The project also involved a Fun Palace Cybernetics Committee, led by Gordon Pask (1928 – 1996). One of the leading figures in the study and development of Cybernetics, which was concerned with information, feedback, identity, and purpose, Pask examined such issues as how the human organism learns from its environment and relates to others through language.
If, as Price believed, “technology is the answer, but what was the question?,” then the architect must undertake extensive research in order to truly understand and adequately respond to a project’s requirements. In the case of Fun Palace, where users would determine those requirements, Price surveyed friends and colleagues about what activities they would enjoy and also tried to anticipate uses to which the building might be put. Throughout the documents for Fun Palace, may be found dozens of analytical tables in which Price studies everything from the relationship of similar activities to the spaces they require, to a complex analysis of his own decision-making and design process as affected by external consequences.
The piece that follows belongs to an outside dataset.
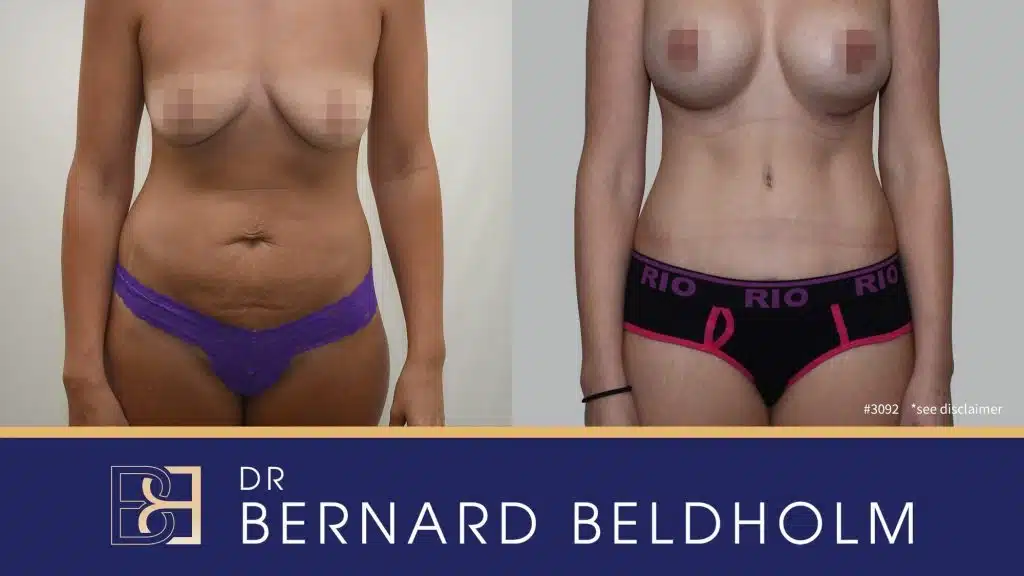 Patient 3092 - Before & After Abdominoplasty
In a single chart titled Comparative seating analysis, Price studies all possible variations of theatre configurations based on such variables as capacity (audiences of 10 to 1,000), grade of theatre shell (6° to 35°), distance to stage from front and back rows, maximum number of seats per row, width and depth of seat banks, and the height of the front of a bank of seats from the stage.
The only fixed element within the Fun Palace was to be the structural grid of steel lattice columns and beams. All other programmatic elements – hanging theatres, activity spaces, cinema screens and speakers – were to be movable or composed of prefabricated modular units that could be quickly assembled and taken apart as needed. The columns, or service towers, in addition to anchoring the project, also contained service and emergency stairs, elevators, plumbing, and electrical connections. In conjunction with the main Fun Palace project, Cedric Price developed a smaller scheme or pilot project that could be assembled more quickly and disassembled and re-erected on a new site as required. One site in particular, the London borough of Camden Town, was investigated through a series of drawings.
The CCA Cedric Price Archive includes documents covering nearly 50 years of activity, from his student work of the 1950s to projects undertaken in 2000. The archive holds more than 13,000 drawings and prints; over 50 models including one full-size prototype; nearly 400 linear feet of textual documents comprising correspondence, meeting notes, specifications, promotional and press material, and site photography; a rich ensemble of photographs documenting built and unrealised work, exhibitions, and events; as well as tape recordings of interviews and lectures. The CCA also acquired Cedric Price’s complete library of books and periodicals, many of which were annotated by the architect shortly before his death.